Sabbir Khan begins his story with Michael (Ronit Roy), a dancer in the 90s who eventually runs out of his charm as he ages, and is thrown out of the business. One rainy night, he happens to rescue Munna (Tiger Shroff) and the kid becomes the bane of his life. While Michael doesn’t want his son to undergo the same humiliation like he did, Munna eats, sleeps and breathes dance. Amid inescapable circumstances, Munna is forced to leave Mumbai, but he never gives up on his dream. In due course of time, he meets Mahinder (Nawazuddin Siddiqui), a hotelier (and an interestingly emotional gunda) from Delhi who pleads Munna to teach him dance. Meanwhile enters starlet Nidhhi Agerwal aka Dolly, a woman stuck at a Delhi hotel as a dancer but aims to be a dancing star one day. With her killer moves and mesmerising looks, Dolly has successfully captured Mahinder’s heart. But how to impress her back?
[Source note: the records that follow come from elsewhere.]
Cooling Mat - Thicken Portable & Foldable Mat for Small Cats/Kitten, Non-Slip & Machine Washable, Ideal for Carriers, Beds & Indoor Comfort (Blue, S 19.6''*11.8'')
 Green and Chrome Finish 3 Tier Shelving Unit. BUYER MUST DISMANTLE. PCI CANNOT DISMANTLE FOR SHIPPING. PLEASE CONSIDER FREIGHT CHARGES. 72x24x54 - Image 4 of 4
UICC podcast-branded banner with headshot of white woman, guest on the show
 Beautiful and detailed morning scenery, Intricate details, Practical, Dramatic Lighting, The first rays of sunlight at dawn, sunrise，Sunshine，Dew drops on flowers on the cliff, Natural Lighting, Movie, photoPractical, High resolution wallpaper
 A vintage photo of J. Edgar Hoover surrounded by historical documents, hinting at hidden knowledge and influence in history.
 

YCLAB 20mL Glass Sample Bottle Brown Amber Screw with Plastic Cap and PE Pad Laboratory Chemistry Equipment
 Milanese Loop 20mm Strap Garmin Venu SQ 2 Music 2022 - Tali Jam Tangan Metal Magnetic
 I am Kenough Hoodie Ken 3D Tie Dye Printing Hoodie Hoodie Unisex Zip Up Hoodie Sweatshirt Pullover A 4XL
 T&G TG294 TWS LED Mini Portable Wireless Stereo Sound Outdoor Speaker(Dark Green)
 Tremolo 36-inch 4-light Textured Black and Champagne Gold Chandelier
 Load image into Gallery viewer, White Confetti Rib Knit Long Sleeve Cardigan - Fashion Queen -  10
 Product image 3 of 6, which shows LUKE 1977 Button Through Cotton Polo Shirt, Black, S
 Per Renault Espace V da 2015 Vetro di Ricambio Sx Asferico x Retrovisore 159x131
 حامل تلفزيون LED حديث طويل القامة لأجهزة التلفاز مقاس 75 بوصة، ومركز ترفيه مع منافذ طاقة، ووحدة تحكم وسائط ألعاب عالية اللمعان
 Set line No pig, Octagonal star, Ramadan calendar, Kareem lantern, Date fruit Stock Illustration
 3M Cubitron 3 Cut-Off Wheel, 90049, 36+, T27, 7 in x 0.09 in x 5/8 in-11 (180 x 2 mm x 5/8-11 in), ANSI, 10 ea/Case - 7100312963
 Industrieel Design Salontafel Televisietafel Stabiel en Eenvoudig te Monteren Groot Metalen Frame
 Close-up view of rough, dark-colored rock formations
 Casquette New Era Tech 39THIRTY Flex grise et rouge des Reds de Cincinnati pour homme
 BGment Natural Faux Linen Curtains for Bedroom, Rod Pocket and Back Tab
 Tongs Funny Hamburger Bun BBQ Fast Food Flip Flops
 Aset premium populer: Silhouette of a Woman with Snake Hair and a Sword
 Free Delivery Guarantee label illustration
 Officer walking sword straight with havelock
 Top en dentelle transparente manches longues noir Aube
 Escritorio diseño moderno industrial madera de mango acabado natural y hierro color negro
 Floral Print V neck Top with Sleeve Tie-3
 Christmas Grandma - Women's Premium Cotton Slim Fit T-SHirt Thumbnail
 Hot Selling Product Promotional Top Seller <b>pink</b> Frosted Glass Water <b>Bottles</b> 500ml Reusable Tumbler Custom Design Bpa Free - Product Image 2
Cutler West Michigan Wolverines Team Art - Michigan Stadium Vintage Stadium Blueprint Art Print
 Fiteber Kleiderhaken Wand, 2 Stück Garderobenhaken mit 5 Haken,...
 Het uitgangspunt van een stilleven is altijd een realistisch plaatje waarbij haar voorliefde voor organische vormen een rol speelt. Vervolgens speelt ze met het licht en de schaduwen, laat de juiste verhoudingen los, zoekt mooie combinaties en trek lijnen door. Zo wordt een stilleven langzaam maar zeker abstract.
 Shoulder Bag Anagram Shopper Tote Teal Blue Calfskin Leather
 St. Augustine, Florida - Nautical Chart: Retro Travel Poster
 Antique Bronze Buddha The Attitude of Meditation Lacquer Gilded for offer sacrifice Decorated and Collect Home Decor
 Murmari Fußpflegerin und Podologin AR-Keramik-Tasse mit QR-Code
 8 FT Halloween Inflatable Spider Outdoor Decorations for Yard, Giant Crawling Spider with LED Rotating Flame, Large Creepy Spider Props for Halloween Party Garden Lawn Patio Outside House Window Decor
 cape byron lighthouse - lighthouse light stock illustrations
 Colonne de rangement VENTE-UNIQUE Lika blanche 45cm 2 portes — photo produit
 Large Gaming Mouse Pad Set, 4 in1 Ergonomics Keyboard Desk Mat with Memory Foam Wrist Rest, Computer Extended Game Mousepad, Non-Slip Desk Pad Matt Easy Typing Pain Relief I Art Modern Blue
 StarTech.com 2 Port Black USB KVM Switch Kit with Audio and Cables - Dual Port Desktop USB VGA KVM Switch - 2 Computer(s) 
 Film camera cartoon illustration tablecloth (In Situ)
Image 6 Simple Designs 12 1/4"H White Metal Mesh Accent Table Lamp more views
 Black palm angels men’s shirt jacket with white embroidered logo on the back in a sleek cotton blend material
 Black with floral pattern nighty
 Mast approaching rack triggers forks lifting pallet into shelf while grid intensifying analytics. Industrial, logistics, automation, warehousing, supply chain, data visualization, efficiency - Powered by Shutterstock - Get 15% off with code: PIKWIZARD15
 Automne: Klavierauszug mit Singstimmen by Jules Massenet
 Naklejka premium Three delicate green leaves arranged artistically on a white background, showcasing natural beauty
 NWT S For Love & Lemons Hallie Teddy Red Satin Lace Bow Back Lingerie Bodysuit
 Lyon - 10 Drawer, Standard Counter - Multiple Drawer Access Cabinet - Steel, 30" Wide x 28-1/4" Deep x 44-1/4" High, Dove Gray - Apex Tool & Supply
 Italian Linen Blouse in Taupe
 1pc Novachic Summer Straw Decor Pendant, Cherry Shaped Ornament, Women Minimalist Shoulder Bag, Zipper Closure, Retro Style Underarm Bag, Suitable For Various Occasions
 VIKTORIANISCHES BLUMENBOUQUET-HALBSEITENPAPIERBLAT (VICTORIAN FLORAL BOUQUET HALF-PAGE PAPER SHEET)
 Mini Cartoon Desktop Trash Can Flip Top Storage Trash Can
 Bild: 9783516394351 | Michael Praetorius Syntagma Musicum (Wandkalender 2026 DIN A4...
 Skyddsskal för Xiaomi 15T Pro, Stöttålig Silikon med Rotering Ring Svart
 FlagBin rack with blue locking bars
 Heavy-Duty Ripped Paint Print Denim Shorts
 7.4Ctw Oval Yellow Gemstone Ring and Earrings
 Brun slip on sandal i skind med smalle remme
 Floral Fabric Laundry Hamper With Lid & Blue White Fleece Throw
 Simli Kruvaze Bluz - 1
There begins the story. We initially are quite intrigued at the multi-angular equation that’s cooking up. But in no time. It turns insipid.
This one is a routine Tiger Shroff film, with fight sequences, songs and dance in regular interludes. While Tiger dances like a reverie and even masters high-octane action sequences, the commercially challenged audience wouldn’t churn out much from this film. Tiger (who frequently boasts, ‘Munna jhagda nahi karta, Munna sirf peetta hai) himself does more and acts less. But then, with him in a film, filmmakers seldom looked for a heavily impactful story. In fact, what hurts is how they make desperate attempts to fetch traits from other characters to glorify the protagonist.
Nidhhi Agerwal, the Bengaluru girl who defeated a several hundreds to get through the film, is a pleasure to look at and sways prettily. But thanks to ‘Munna Michael’ paying all its heed to Tiger and his dilemma, Nidhhi ends up being just an additional character. Dolly is a woman who runs away from her home to chase her dreams, ends up being a dancer in a hotel, is lured by expensive gifts and flats and falls in love at a wrong time. If only treated with apt gravity, hers could be a major takeaway from the film. Nawazuddin Siddiqui acts his best, although isn’t just convincing enough as the unfeeling land mafia. We, however, never thought he would shake a leg with swag, and it was an absolute delight. The one who truly makes a mark in a brief role and few dialogues is Pankaj Tripathi. This time, not at all taken aback by Ronit Roy.
Further, the film makes way for numerous unresolved questions and takes some absurd cinematic liberty to connect the dots. Dancing through hours with a bullet inside your thigh or making prank calls to an airline to delay a flight are not tricks that the audience of 2017 would happily buy! We can’t mark it above average in terms of production values. The story is woven amid workable cinematography and average music.
Sabbir Khan is evidently not willing to shift his genre and hence, comfortably sticks to mediocre intelligence with ‘Munna Michael’. This one would definitely tap fans of Tiger Shroff and even the ones into dance. But for the rest, it might just turn you off!